Capítulo 207
Me tornei a filha adotiva do protagonista masculino.
Remus estava ali, atordoado, com uma mão na bochecha ensanguentada onde a pele havia se rasgado.
Ele nunca imaginou—nem nos sonhos mais loucos—que Varia fosse lhe acertar. Ela sempre parecia aterrorizada com ele, afinal.
Mas agora, ela parecia uma pessoa completamente diferente.
Não, nem mesmo uma pessoa.
“Por mais insano que alguém fique, há um limite!”
Para Varia, Remus já não parecia mais humano.
Como poderia cada palavra que saía da boca dele ser tão repugnante e vil? Ele era um lixo. Um produto defeituoso que precisava ser jogado fora imediatamente.
“Se o que você disse é verdade!”
Varia rosnou.
“Então a Lady Regina deu à luz o Leo aos dezoito anos! Ela era menor de idade quando engravidou!”
E você ainda ousa chamar isso de amor?
Você chama de algo precioso e alegre?
“Uma união entre duas famílias? Um propósito grandioso além da compreensão?”
Enquanto Remus tentava se levantar, Varia o chutou forte no peito.

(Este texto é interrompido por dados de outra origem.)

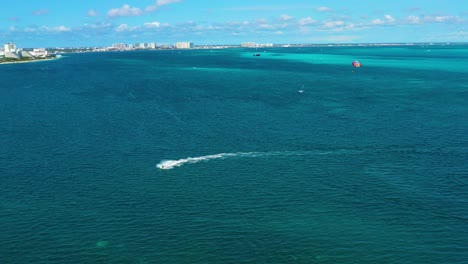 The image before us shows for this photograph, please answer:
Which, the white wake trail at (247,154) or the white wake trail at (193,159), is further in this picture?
the white wake trail at (247,154)

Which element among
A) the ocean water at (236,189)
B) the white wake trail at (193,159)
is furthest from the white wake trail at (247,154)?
the ocean water at (236,189)

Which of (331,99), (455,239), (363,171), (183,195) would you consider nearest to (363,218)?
(455,239)

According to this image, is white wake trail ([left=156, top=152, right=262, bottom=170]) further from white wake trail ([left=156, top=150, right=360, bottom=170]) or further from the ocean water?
the ocean water

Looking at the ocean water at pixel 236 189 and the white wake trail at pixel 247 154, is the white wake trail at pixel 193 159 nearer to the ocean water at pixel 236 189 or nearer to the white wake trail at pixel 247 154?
the white wake trail at pixel 247 154

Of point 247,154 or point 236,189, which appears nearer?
point 236,189

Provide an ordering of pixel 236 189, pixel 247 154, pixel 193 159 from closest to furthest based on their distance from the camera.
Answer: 1. pixel 236 189
2. pixel 193 159
3. pixel 247 154

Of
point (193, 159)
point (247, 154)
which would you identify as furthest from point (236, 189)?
point (247, 154)

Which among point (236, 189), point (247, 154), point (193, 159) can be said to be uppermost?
point (247, 154)

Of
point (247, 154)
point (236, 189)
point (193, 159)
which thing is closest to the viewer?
point (236, 189)

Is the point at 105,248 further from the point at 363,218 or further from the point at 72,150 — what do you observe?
the point at 72,150

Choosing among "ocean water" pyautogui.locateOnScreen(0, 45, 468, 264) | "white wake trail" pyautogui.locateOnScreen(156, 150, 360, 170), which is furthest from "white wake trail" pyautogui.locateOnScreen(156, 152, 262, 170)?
"ocean water" pyautogui.locateOnScreen(0, 45, 468, 264)

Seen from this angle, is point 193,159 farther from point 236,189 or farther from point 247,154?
point 236,189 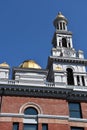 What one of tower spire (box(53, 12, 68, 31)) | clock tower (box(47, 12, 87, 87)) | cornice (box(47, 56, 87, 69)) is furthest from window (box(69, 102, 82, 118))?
tower spire (box(53, 12, 68, 31))

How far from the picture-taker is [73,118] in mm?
40969

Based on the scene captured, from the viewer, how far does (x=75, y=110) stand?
42.2m

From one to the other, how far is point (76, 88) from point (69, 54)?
19.1 meters

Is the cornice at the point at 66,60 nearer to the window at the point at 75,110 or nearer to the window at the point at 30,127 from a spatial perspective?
the window at the point at 75,110

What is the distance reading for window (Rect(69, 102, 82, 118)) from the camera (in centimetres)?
4175

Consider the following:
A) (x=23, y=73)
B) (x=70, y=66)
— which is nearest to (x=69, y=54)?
(x=70, y=66)

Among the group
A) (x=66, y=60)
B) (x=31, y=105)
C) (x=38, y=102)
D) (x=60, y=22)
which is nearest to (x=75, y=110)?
(x=38, y=102)

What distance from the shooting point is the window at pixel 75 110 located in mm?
41750

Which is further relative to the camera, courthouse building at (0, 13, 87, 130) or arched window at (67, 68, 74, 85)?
arched window at (67, 68, 74, 85)

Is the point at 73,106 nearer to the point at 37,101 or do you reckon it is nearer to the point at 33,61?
the point at 37,101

Ele caiu novamente. Uma espécie de gemido estranho escapou de seus lábios.
“Nossa…”
Leonia murmurou admirada.
“Isso deve ter doído.”
“Ela tem uma ótima técnica de chute.”
Apesar da situação, Leonia e Ferio—que estavam perto—permaneceram totalmente tranquilos.
Nem um deles fez qualquer esforço para intervir. Ferio até cruzou os braços, sorrindo de satisfação.

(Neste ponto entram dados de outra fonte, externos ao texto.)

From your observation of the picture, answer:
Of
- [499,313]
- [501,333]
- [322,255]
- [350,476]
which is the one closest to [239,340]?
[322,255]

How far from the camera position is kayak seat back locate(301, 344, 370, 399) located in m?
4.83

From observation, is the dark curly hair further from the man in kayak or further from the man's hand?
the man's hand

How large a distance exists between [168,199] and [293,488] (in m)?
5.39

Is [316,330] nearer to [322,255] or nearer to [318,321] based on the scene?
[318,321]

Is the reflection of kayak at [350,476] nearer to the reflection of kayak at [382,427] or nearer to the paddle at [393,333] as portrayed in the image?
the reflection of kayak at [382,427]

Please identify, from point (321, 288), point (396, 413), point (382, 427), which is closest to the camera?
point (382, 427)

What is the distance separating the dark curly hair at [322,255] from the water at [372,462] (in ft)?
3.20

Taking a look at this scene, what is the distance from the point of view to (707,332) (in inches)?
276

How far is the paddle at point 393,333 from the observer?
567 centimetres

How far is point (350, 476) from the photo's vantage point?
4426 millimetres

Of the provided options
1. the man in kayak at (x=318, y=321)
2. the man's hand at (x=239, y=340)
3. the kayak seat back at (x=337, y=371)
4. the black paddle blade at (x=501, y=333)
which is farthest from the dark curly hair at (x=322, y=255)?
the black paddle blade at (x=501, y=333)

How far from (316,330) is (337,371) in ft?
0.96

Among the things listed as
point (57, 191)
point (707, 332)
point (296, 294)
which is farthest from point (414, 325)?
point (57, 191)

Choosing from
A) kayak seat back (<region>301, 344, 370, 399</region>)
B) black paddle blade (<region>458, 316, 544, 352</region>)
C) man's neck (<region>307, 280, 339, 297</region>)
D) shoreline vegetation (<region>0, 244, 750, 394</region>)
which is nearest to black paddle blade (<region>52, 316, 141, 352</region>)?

Naturalmente, a confusão imediatamente chamou a atenção de quem andava pelo corredor do palácio.
“O mundo inteiro sabe que você gosta de menores!”
Não era segredo que Remus tinha uma atração sexual por garotas menores de idade.

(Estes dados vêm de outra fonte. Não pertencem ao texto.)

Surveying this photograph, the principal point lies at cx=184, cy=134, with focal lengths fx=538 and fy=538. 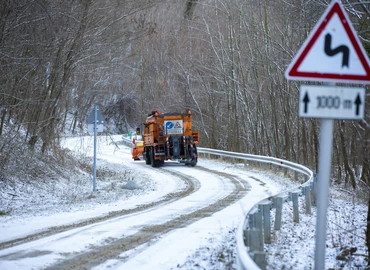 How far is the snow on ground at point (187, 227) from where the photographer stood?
8102 mm

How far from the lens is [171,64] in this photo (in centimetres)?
4919

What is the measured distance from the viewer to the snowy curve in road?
809cm

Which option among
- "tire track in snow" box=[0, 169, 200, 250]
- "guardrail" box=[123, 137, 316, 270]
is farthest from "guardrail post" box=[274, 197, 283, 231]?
"tire track in snow" box=[0, 169, 200, 250]

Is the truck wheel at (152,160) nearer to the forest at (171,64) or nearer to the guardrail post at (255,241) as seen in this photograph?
the forest at (171,64)

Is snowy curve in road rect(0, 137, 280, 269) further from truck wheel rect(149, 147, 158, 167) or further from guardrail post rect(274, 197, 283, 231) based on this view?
truck wheel rect(149, 147, 158, 167)

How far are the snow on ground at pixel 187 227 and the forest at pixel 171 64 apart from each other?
4.12 ft

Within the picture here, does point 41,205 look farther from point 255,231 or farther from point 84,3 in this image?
point 255,231

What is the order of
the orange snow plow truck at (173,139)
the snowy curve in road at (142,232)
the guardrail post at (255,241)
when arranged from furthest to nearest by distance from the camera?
the orange snow plow truck at (173,139)
the snowy curve in road at (142,232)
the guardrail post at (255,241)

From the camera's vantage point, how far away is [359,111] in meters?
4.51

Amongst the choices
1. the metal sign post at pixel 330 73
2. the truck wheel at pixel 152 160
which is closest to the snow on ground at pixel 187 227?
the metal sign post at pixel 330 73

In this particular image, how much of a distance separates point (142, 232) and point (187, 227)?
1.06m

Todo mundo sabia disso. Só fingiam que não. A família dele—Casa Olor—era uma das mais poderosas do Império.
“Você queria se casar com minha irmã mais nova só porque ela era mais nova que eu!”
“Ugh…”
Leonia franziu o rosto, com uma expressão fechada.
Ela não esperava que um segredo tão nojento estivesse por trás do noivado entre as casas Erbanu e Olor.
“Lota tinha apenas dezessete anos na época!”
“Então esperei ela virar adulta…”
Remus gaguejou ao tentar se levantar.
A boca ensanguentada já não sorria. Seus olhos vermelhos brilhavam ferozmente para Varia. A expressão gentil e inocente que antes tinha estava desaparecida.
Mas isso não intimidou Varia.
“Você esperou até ela ficar adulta…”
“Você não devia ter proposto o casamento de início!”
Sete anos e meio e ela ainda tinha menos de vinte?
Varia, prestes a gritar novamente, ficou ali, fervendo de raiva, com o punho cerrado no ar.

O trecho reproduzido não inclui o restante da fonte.